Beneath this instruction is a block of data; output from it exactly the lines that run from the one containing "Holiday home Modern" through the one containing "Die Sonnenpyramide und", inclusive.

*** Opening of Data under study ***

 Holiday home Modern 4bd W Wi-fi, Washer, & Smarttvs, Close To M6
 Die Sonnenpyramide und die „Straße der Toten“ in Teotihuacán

*** Close of Data under study ***
*** Opening of Data under study ***

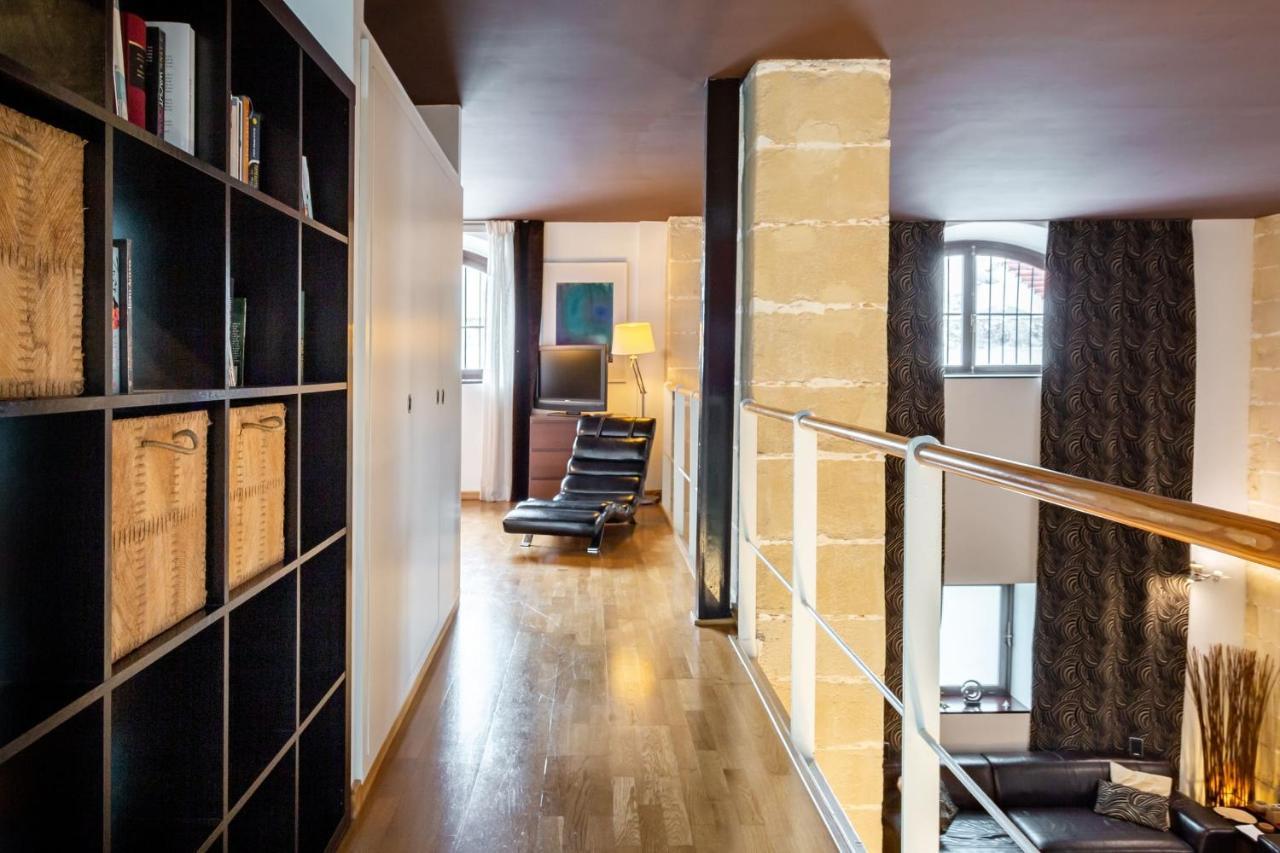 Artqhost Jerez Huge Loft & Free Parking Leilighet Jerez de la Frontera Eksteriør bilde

*** Close of Data under study ***
*** Opening of Data under study ***

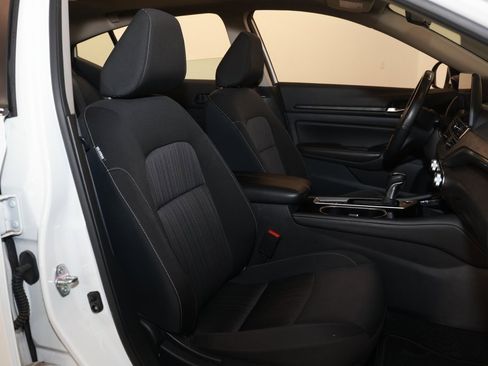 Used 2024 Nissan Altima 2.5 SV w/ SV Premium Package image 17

*** Close of Data under study ***

Response below:
 Holiday home Modern 4bd W Wi-fi, Washer, & Smarttvs, Close To M6
 Die Sonnenpyramide und die „Straße der Toten“ in Teotihuacán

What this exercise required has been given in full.